Jika Hamka menggunakan istilah kemuliaan jasa lahir yang dapat dilihat
dan kemuliaan jasa batin yang dapat
difikir, maka Rhenald Kasali memakai istilah warisan yang tangible dan intangible. Apapun istilahnya tetap yang dimaksud keduanya tidak
jauh berbeda. Maka dapat ditarik
kesimpulan bahwa intangible legacy atau
jasa batin yang dapat difikir adalah
lebih kekal. Ia akan tetap dikenang, membekaskan sebutan yang mulia,
meninggalkan nama harum. Sebab legacy
dan jasanya melimpah kepada orang lain dan lintas generasi.

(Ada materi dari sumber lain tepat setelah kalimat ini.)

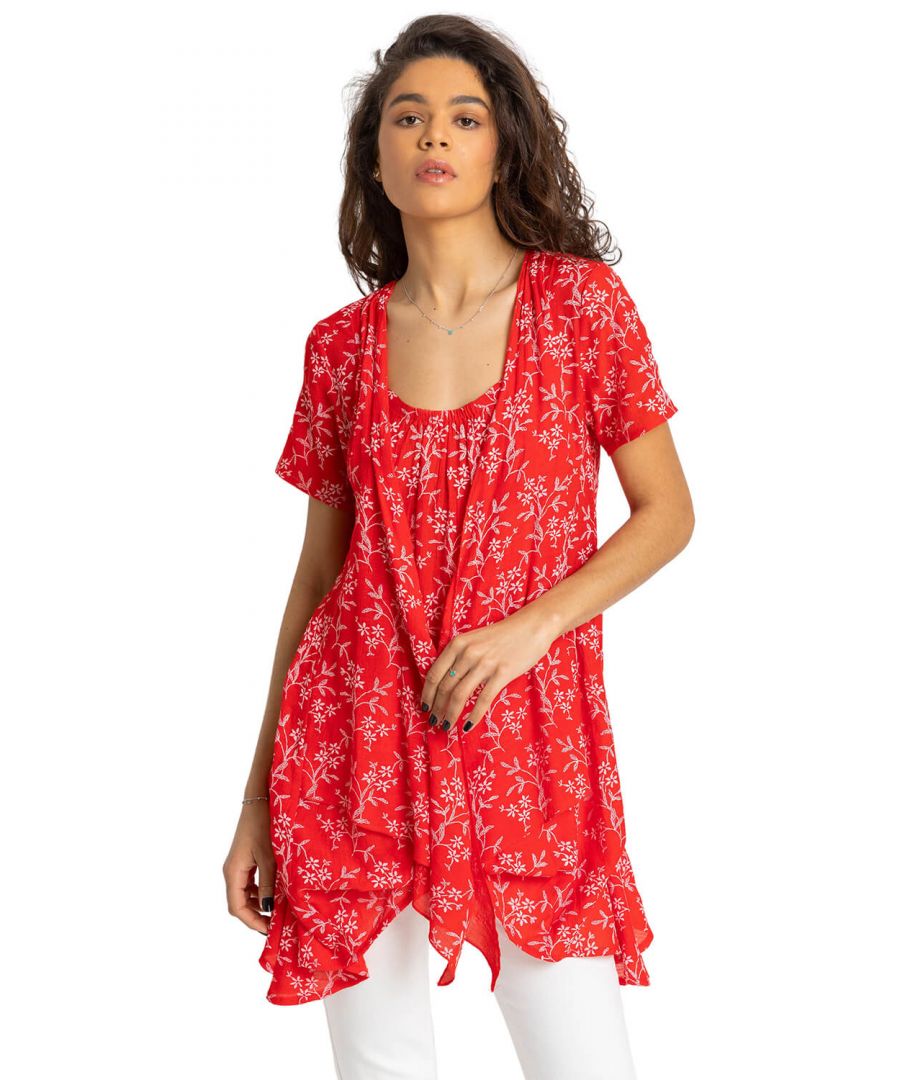 Roman Women's Floral Print Crinkle Tunic Top|Size: 10|red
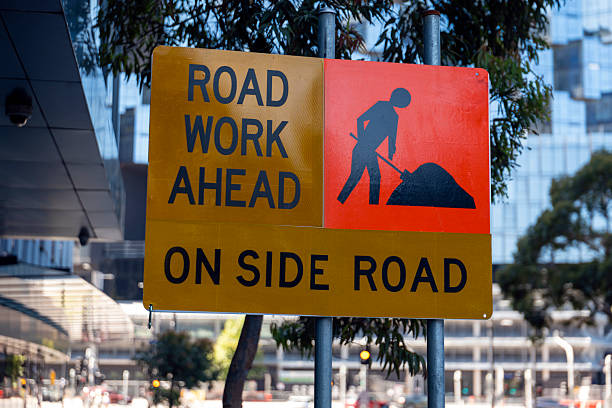 Road work sign in Central Melbourne, Australia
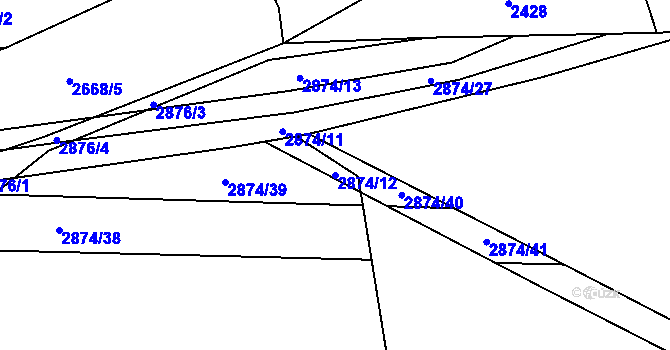 Parcela st. 2874/12 v KÚ Kročehlavy, Katastrální mapa
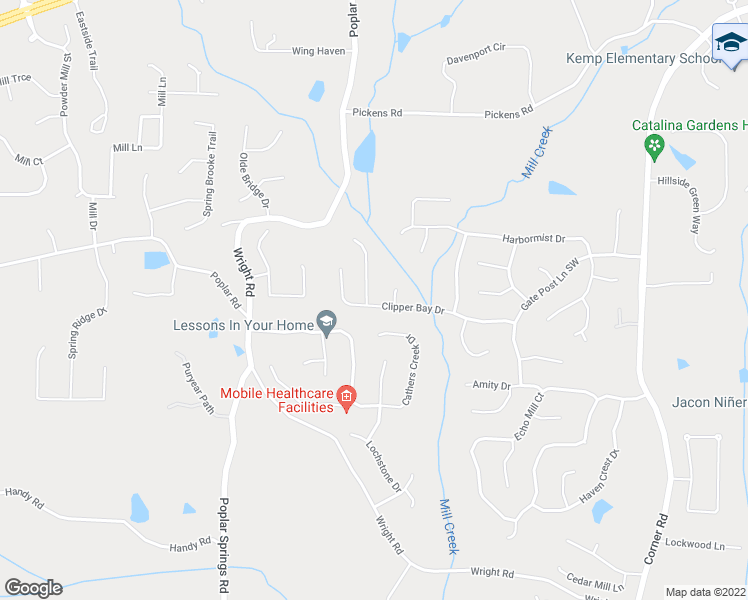 map of restaurants, bars, coffee shops, grocery stores, and more near 5542 Clipper Bay Drive in Powder Springs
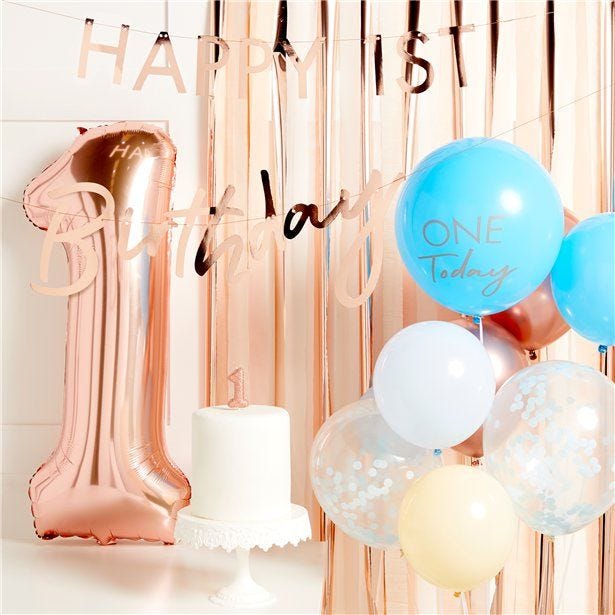 1st Birthday Rose Gold & Blue Decorating Kit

Terakhir saya akan kutipkan pernyataan
Syaikh Muhammad Abduh dalam Al ‘Urwatul Wutsqo yakni “Kemuliaan ialah
kebanggaan jiwa, tujuan perasaan dan pemandangan. Sinar kebanggaan diri itu
menimbulkan amal yang meninggalkan bekas yang baik kepada bangsanya dan kaum
seagamanya, atau kepada perikemanusiaan seluruhnya”. Sementara Hamka mengatakan
bahwa kemuliaan ialah kemuliaan jiwa. Jiwa yang menggeliat melepaskan diri dari
kerendahan dan perbudakan, mencari pekerjaan yang berguna.
[1] Buku ini diterbitkan oleh PT
Pustaka Panjimas Cetakan I dipublikasikan pada bulan Agustus 1940 dan telah
dicetak ulang lebih dari sepuluh kali.